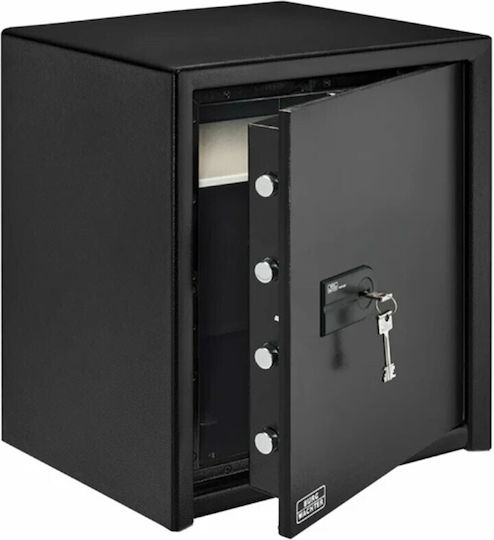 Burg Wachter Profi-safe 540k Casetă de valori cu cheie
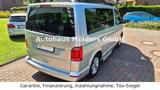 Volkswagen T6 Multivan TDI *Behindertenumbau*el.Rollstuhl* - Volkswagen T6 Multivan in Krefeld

--

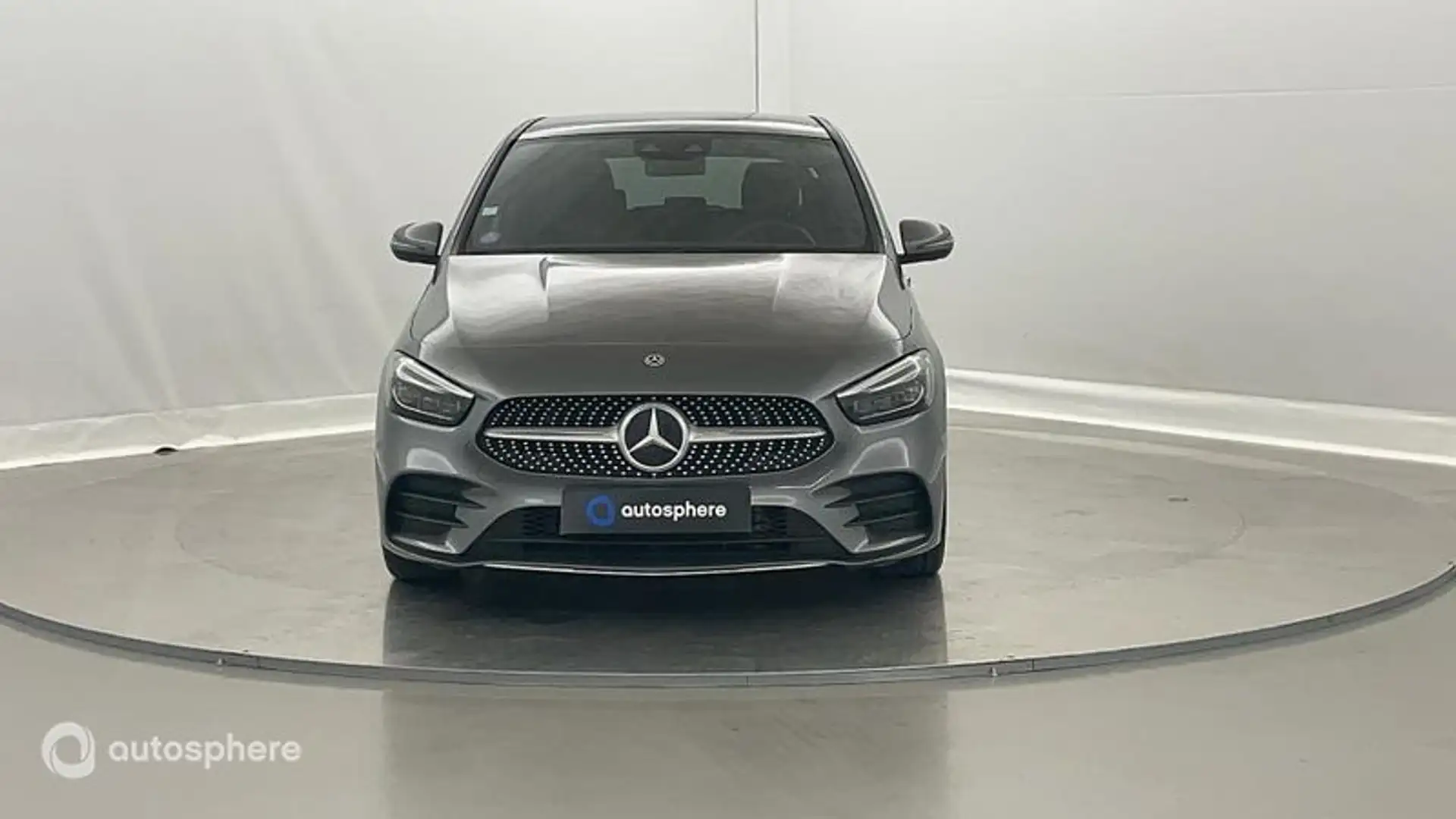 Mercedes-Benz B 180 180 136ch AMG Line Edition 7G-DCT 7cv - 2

## [WHAT IS EXPECTED]
Starting with the line that has "Burg Wachter Profi-safe" and going on through the line that has "Volkswagen T6 Multivan TDI", transcribe the records above exactly, but skip the pictures.

## [EXERCISE SOLUTION]
 Burg Wachter Profi-safe 540k Casetă de valori cu cheie
 Volkswagen T6 Multivan TDI *Behindertenumbau*el.Rollstuhl* - Volkswagen T6 Multivan in Krefeld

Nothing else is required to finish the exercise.